Indian Pediatr 2011;48: 644-646

Evolving Biliary Atresia with Cytomegalovirus


Sweta Mohanty, Ira Shah and Sushmita Bhatnagar

From the Pediatric Hepatobiliary Clinic, BJ Wadia Hospital for Children, Mumbai, India.

Correspondence to: Dr Ira Shah, 1/B Saguna, 271/B St. Francis Road, Vile Parle (W),
Mumbai 400056. India.
Email; [email protected] 

Received: December 7, 2009;
Initial review: January 5, 2010;
Accepted: May 14, 2010.

 


Multiple studies have been conducted to demonstrate the role of viruses in causing biliary atresia. Although cytomegalovirus (CMV) is known to cause intrahepatic bile duct destruction, its role in biliary atresia is not proven. We report two cases of CMV infection, initially presenting with intrahepatic cholestasis, who subsequently developed biliary atresia.

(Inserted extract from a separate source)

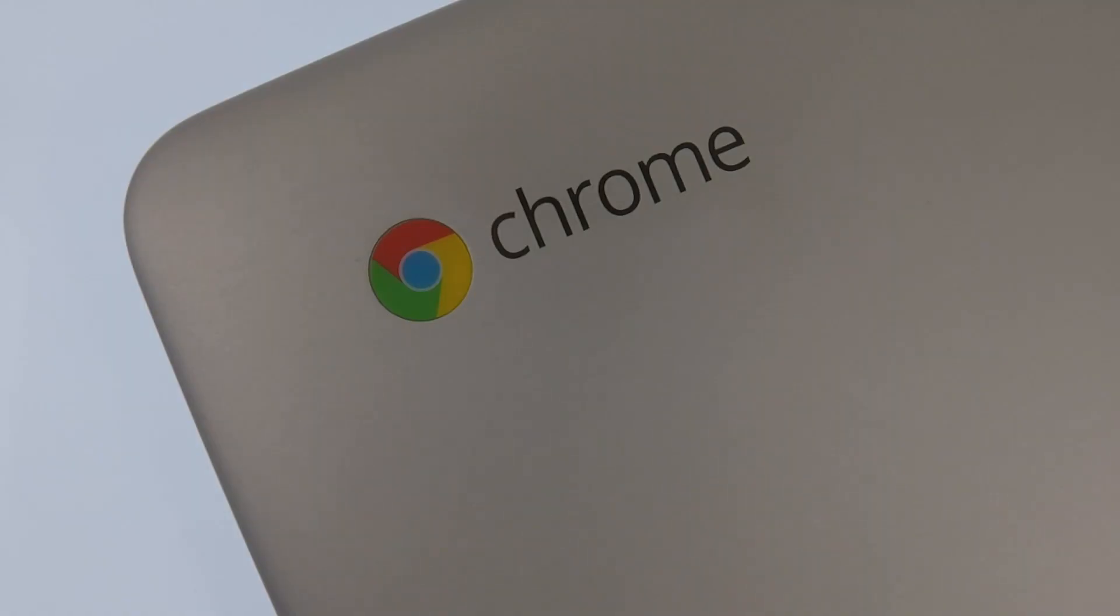In this video we're going to take a look at how you use the Chrome OS recovery media to restore the operating system on a Chromebook.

Key words: Biliary atresia, CMV, Liver biopsy


E
xtrahepatic biliary atresia (EHBA) occurs in 1 in 10,000 live births, more commonly in Asians. 65-90% of EHBA cases are post-natal, and in these, a role for infectious agents in causing bile duct obliteration is suggested [1]. Although cytomegalovirus (CMV) is known to cause intrahepatic bile duct destruction and paucity, its role as a cause of EHBA has been a topic of much debate.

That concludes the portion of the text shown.